Triplestore Database Backend
We'd need to write a custom Database backend for Django using a triplestore under the hood. A priori it would rely on RDFLib
This is a low-level feature in Django and the things which exist are evidently built with relational database backends in mind, since these are the ones supported
Useful resources
- This presentation: https://simpleisbetterthancomplex.com/media/2016/11/db.pdf
- (video) Django in Depth: https://www.youtube.com/watch?v=tkwZ1jG3XgA
- This paper discusses extending an existing Object-Relational Database Management System (ORDBMS) into an RDF Triple Store: http://vos.openlinksw.com/owiki/wiki/VOS/VOSRDFWP
Similar efforts
- Apache Jena TDB: https://github.com/apache/jena/tree/main/jena-tdb
- Django-RDF-io: https://github.com/rob-metalinkage/django-rdf-io
- Unfinished/unmaintained effort to create a Django backend for OpenLink Virtuoso triplestore: https://github.com/rfloriano/semantic-django
Storing Triples in an SQL Relational Database
Useful resources
- This paper discusses extending an existing Object-Relational Database Management System (ORDBMS) into an RDF Triple Store: http://vos.openlinksw.com/owiki/wiki/VOS/VOSRDFWP
In Semantic Web parlance, this implies representing non-RDF data as RDF data by way of Ontology mapping. Transparently representing non-RDF data as RDF data via Ontology mapping entails either storing application triples in an RDF Triple Store or converting SPARQL queries to SQL (called SQL rewriting) and reformatting the results back into an RDF form
They're using one table to store all quads (RDF_QUAD
), using integer IDs for the primary keys, and then using other tables to convert these internal ids into external ones. They provide a support for an ANY
datatype in SQL (Object is ANY, to allow literals)

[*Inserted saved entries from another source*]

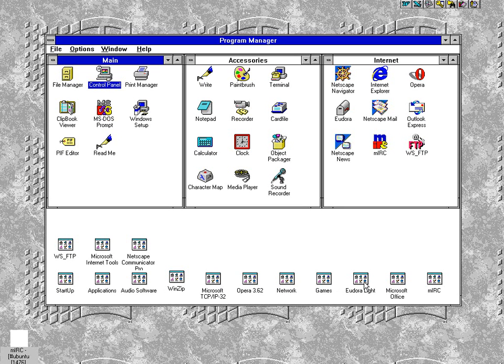Hey everybody, Rich here with another retro video, and oh my god, I'm in Windows 3.11 for workgroups. Good gravy.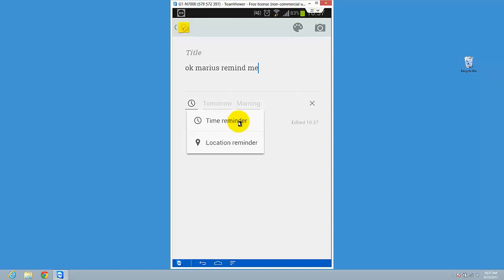Half an hour, or tomorrow morning, or just 5 p.m., or 30 June. Or you can take a location reminder, so you want to have a reminder...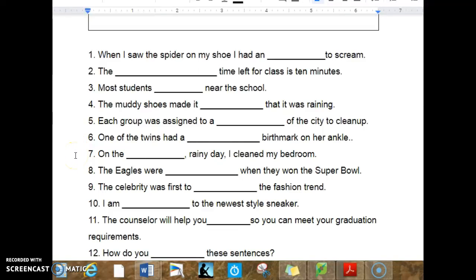7. On the blank rainy day, I cleaned my bedroom. 8. The Eagles were blank when they won the Super Bowl. 9. The celebrity was first to blank the fashion trend.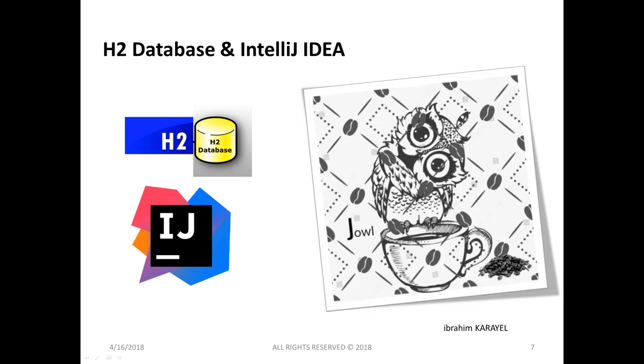Hi everyone, in this video I'm going to be showing you how to connect to H2 database using IntelliJ IDEA's database client. For testing we need a sample project and of course IntelliJ IDEA. I assume that you already have IntelliJ IDEA.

A SQLAlchemy-backed, formula-aware RDFLib Store. It stores its triples in the following partitions:
- Asserted non rdf:type statements.
- Asserted rdf:type statements (in a table which models Class membership). The motivation for this partition is primarily query speed and scalability as most graphs will always have more rdf:type statements than others.
- All Quoted statements.
- some performance results of these kinds of solutions on HUGE datasets: https://www.w3.org/wiki/LargeTripleStores (industry-leading results https://download.oracle.com/otndocs/tech/semantic_web/pdf/OracleSpatialGraph_RDFgraph_1_trillion_Benchmark.pdf)
Mapping SQL to RDF
- Overview: https://www.w3.org/wiki/RdfAndSql
Unlike much of the current work on SQL RDF data stores, this approach attempts to provide RDF access to data in specialized SQL data stores rather than provide an SQL data store for RDF https://www.w3.org/2002/05/24-RDF-SQL/
I think that any effort to store "outside" fields in a new table for that field (generated on the fly?) would be horrendously slow. However maybe it's possible to store unknown fields into a generic quad store to provide the Open World Assumption principle of RDF (like the Virtuoso solution) -- #230. It's worth asking "why?" with regard to this suggestion, though, because it may be that we don't really want to hack the Open World Assumption into SQL in this way (if an application wants it, wouldn't they migrate their data to a triplestore or a quadstore SQL schema as above?)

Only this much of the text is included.